Rahmet Peygamberi Hazreti Muhammed; “(İbâdet için) şu üç mescidden başkasına yolculuk edilmez: Mescidu ‘l-Harem, Mescidu’r-Rasûl ve Mescidu’l-Aksâ.” buyurmuştur. Allah Resulünün bu hadisi ile bu üç belde İslam’da kutsal ilan edilmiş ve bunların dışında kutsiyeti olan başka bir dördüncü yerden, mescidden söz edilmemiştir. Müslümanlar için Kudüs’ün önemi tarihsel sürecinden çok, Yüce Allah’ın iradesi iledir. Yüce Allah, Peygamber Efendimizi Miraca, Mescidi Haram’dan değil, Mescidi Aksâ’dan yükseltmiştir. Böylece Rabbimiz, Peygamber Efendimizi her iki kıblenin Peygamberi; doğunun ve batının önderi, önceki tüm Peygamberlerin varisi ve tüm insanlığın lideri yapmıştır. Müslümanlar için Kudüs’ün vazgeçilmezliği buradan kaynaklanmaktadır.

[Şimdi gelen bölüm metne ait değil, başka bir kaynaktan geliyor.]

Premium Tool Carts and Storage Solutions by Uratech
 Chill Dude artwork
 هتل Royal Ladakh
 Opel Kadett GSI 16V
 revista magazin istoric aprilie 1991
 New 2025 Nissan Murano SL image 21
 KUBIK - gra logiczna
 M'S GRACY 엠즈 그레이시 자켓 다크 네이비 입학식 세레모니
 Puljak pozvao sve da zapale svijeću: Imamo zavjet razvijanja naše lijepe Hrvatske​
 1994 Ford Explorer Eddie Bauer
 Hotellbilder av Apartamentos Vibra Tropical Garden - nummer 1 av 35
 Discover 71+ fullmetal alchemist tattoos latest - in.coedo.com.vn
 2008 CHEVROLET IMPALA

Tarih boyunca uğruna pek çok savaş ve sefer yapılan Kudüs, daima Müslümanların şefkatine, Haçlıların gazabına uğramıştır. Hazreti Ömer, Kudüs’ün anahtarını Patrik Sophronios’tan bizzat teslim aldıktan sonra, burada yaşayan gayrimüslimlere tam bir din hürriyeti ve güven içinde yaşayacaklarına dair yazılı bir eman vermiştir.
Selahaddin Eyyubi 1187 yılında Kudüs’ü kuşattığında, bu mübarek beldeyi savaşın yıkımından korumak için büyük çaba sarf etmiştir.
Osmanlı döneminde Kudüs, büyük bir itibar ve şerefle mamur edilmiştir. Kudüs’e, “Kuds-ü Şerif” diyen Osmanlılar, buraya her zaman özel bir ihtiram ve ihtimam göstermişlerdir. Osmanlı’nın bütün Sancak, eyalet ve kazalarında kitabelere “Lâ ilâhe illallah, Muhammedun Resûlullah” ifadesi yazdırılırken; Kanuni tarafından Kudüs’ün Yafa kapısı üzerine “Lâ ilâhe illallah, İbrahim Halîlullah” yazdırılmış ve büyük bir hoşgörü örneği olarak Müslümanlar, Hıristiyanlar ve Yahudiler tarafından Peygamber kabul edilen Hazreti İbrahim (A.S) öne çıkarılmıştır.
Gelinen noktada ABD Başkanı Trump akıldışı bir kararla Kudüs’ü İsrail’in başkenti olarak tanıyarak dün Haçlıların yaptığı gibi bugün de kaosun kapılarını aralamıştır.
Bütün olan bitene rağmen Müslüman ülkeler ve onların liderlerinden bir iki cılız ifade dışında dişe dokunur bir açıklama gelmemiştir.
Papa bile Kudüs’ün mevcut statükosunun değişmemesi gerektiğini vurgularken Katar’a aslan kesilen Arap liderler dahi Türkiye’de ki bir sanatçı kadar dik bir duruş sergileyememiştir.
Ümmetin çilesini tek başına üstlenmiş olan Sayın Cumhurbaşkanımız “Kudüs’ün statüsü konusunda atılacak yanlış bir adım, tüm İslam âleminde infiale sebep olacaktır” açıklamasıyla İslam’ın mahremi, namusu Kudüs’te olabileceklere işaret etmiştir.
Sonuç olarak, Sayın Cumhurbaşkanımızın da ifade ettiği gibi, Trump’ın kararı son derece yanlış ve tehlikeli bir karardır. Bizler ümmet olarak bu yanlış kararın sonuna kadar karşısında olacağız. İnanıyorum ki bu karar inananları tek yürek olarak birleştirecek ve neticesinde ne İsrail bu kararı uygulamaya geçirebilecek ne de ABD bu kararın arkasında durabilecektir. Unutulmamalıdır ki inananların kalbi ilk kıblesi olan Kudüs’te atmaktadır.